RECORDED INFORMATION:
──────────
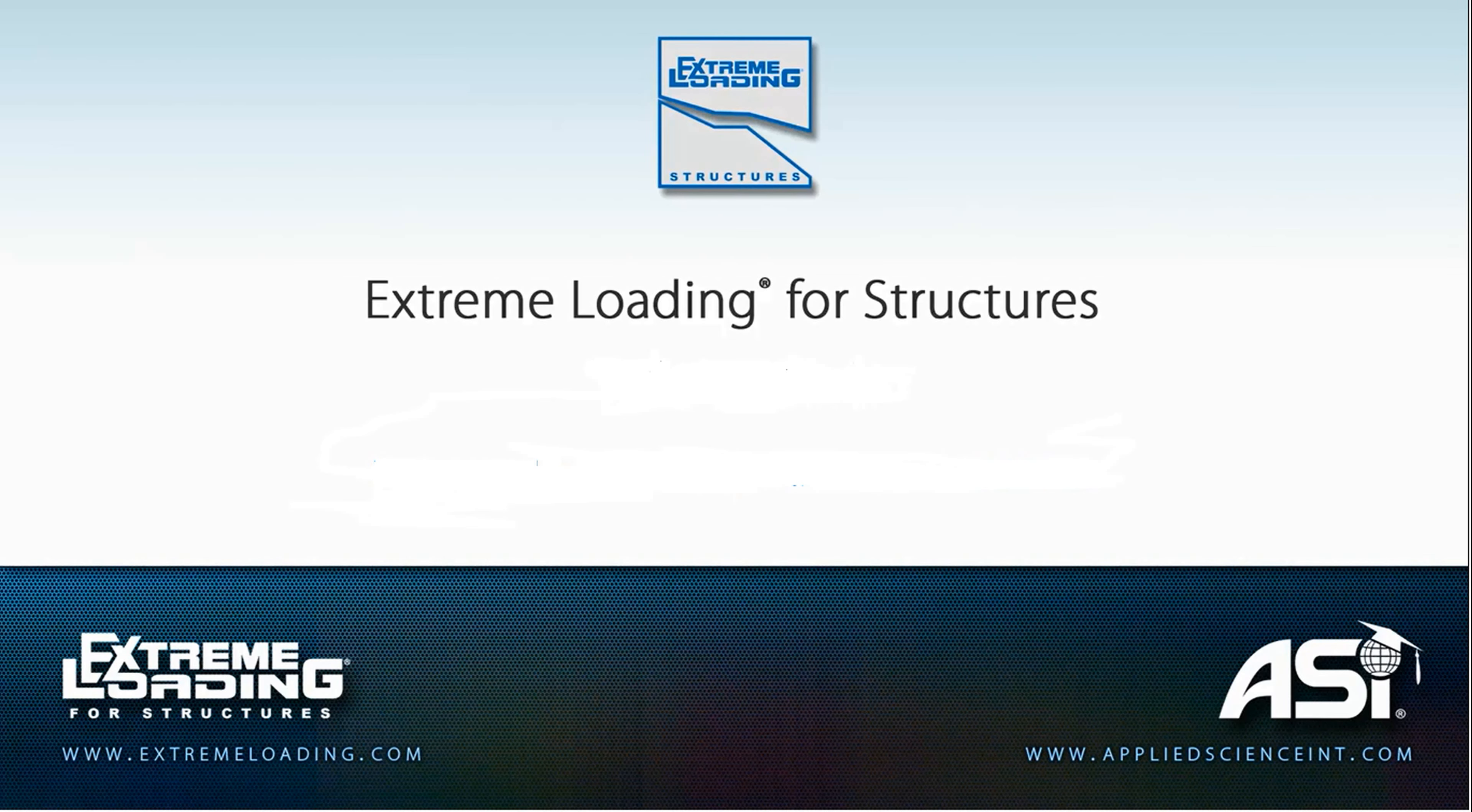Applied Science International would like to announce that the release of version 7 of the Extreme Loading for Structures software is coming up very soon. The new version has many significant new and improved features.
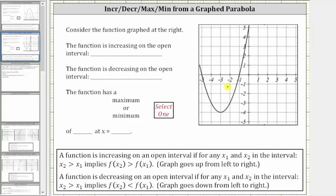Looking at the graph of the parabola from left to right, starting on the left and moving to the right, the graph goes downhill over this interval, which means the function is decreasing over this interval until we reach the vertex — this low point. Notice how the vertex is represented by the ordered pair negative three comma negative four. Then to the right of the vertex, the graph goes uphill from left to right, and therefore the function is increasing over this interval.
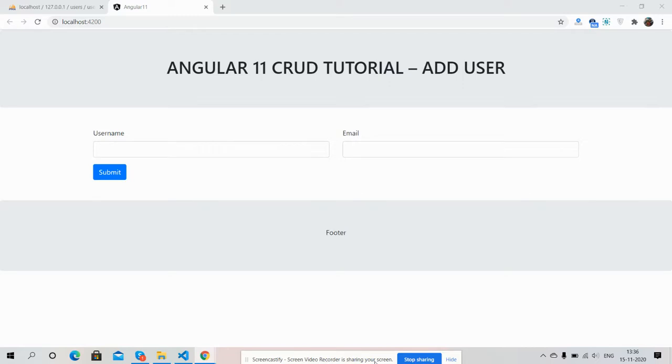In this video, I'm going to show you Angular 11 CRUD tutorials - Add User. Before showing you the working example, please watch the video till the end and subscribe to my channel for latest Angular 11 updates. Here we go.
──────────
WHAT IS EXPECTED:
A verbatim copy of the material, pictures excluded, is what must be produced.

PROBLEM SOLUTION:
Applied Science International would like to announce that the release of version 7 of the Extreme Loading for Structures software is coming up very soon. The new version has many significant new and improved features.
Looking at the graph of the parabola from left to right, starting on the left and moving to the right, the graph goes downhill over this interval, which means the function is decreasing over this interval until we reach the vertex — this low point. Notice how the vertex is represented by the ordered pair negative three comma negative four. Then to the right of the vertex, the graph goes uphill from left to right, and therefore the function is increasing over this interval.
In this video, I'm going to show you Angular 11 CRUD tutorials - Add User. Before showing you the working example, please watch the video till the end and subscribe to my channel for latest Angular 11 updates. Here we go.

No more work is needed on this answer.